The Giant Fighting Robot Report

I am dubious. (I am metal.) I am stainless. I am milk in your plastic.

Wednesday, January 26, 2005

It Came From the Longbox

Finally! A use for Spam!(The e-mail kind, not the Hormel kind.) Spamusement. Read it. Particularly this one or this one or this one. We have been laughing about it all evening. And it's done by one of the founders of Panic, which means a lot to Mac geeks like me.

Sorry--distracted by Alton Brown making Bananas Foster. His website has some really nice-looking knives, though I'm not sure anything can replace our Global chef knife. It's quite possibly the best knife I've ever used. Plus, I love the way these look.


It Came From the Longbox
Pulling an issue from random from my collection of comics, I find... ROM #5.

(I dunno why I have a fascination with ROM, other than the pathos of the whole "must encase body on metal armor to fight Dire Wraiths" deal. Or the fact I never got to get the toy. Of course, I never got a Big Trak after asking for one for years, and I'm not obsessed by that.)

In this issue, ROM is yet another misunderstood hero in the Marvel universe, wanted by the cops after blowing away one of Dire Wraith enemies in broad daylight. He's pining for his lost love on Galador while hanging around a pair of local hu-mans. There's also a guest appearance by Doctor Strange! Because no hero can go that many issues without running into somebody else in the Marvel roster.

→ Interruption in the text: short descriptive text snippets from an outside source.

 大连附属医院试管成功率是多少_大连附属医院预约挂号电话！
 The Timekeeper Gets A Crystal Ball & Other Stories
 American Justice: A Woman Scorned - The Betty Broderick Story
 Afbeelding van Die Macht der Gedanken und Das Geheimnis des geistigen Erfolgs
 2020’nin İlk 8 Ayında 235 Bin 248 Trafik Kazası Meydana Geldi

In addition to a Hostess ad featuring The Human Torch, there's the Hubba Bubba ad demonstrating how to blow a bubble, pleas to sell Grit (how many of these smiling kids are dead now, I wonder?), a big spread on how much dough you can make selling seeds, and tons of house ads.

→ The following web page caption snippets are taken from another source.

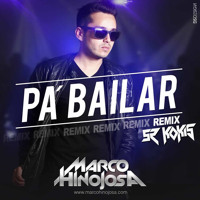 Marco Hinojosa - Pa' Bailar (Sr. Kokis Remix) [Extended Mix]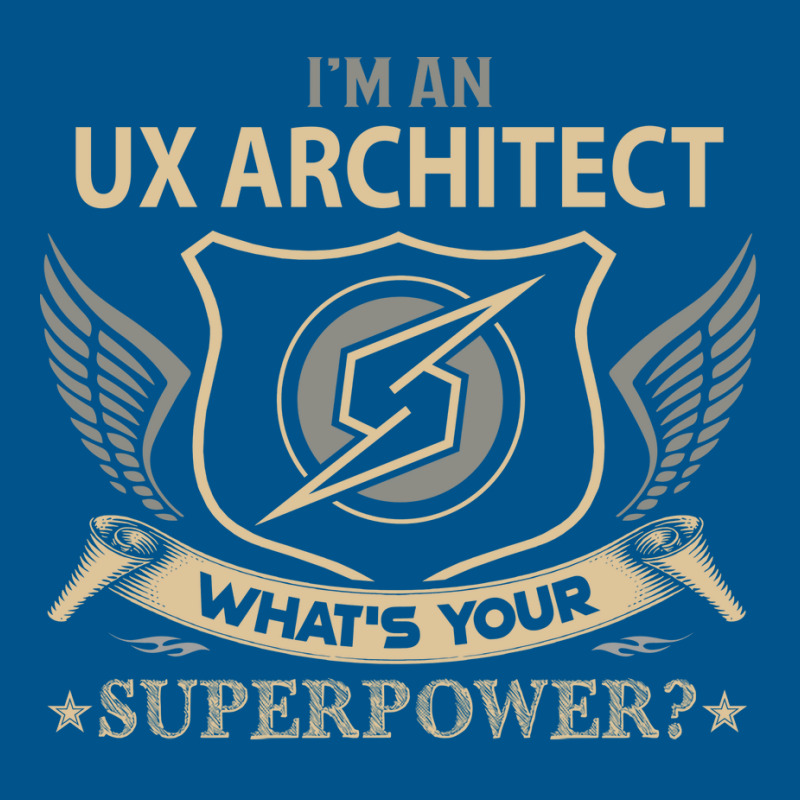 Ux Architect T  Superpower Gift Item Tee Classic T-shirt | Artistshot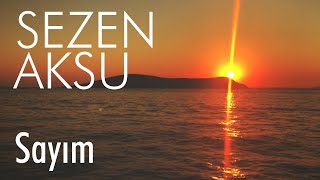 Sezen Aksu -  Sayım (Lyrics I Şarkı Sözleri)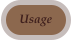 Usage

This issue is a bit of a bridge between the previous arc, where ROM shows up on Earth and gets misunderstood, and the next. Which if memory serves, is fighting the guy he fought in issue 4. Anyway, ROM breaks out all three of his three accessories (the Energy Analyzer, the Neutralizer, and the Translator) in an effort to fight a demon Dr. Strange banished. The weird part is, the only time we see Dr. Strange is in a vision or a flashback to an issue of Strange Tales, so Stan and friends are lying just a wee bit on the cover.

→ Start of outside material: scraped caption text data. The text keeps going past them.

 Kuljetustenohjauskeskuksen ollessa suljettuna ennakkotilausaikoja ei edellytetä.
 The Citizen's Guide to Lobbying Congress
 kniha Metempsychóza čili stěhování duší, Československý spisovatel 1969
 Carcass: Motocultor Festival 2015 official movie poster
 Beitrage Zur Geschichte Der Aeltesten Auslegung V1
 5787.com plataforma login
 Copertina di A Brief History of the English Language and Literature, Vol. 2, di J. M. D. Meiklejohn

ROM, like Shogun Warriors, was a comic tie-in to a merchandising property. Though the story in this particular is kinda iffy--ROM's main battle in this issue other than the demon is against a chair of all things--I do like how it grows beyond the cheap tie-in. And because this is the age of the internets, somebody's compiled more information about ROM than you can wiggle a corn dog at.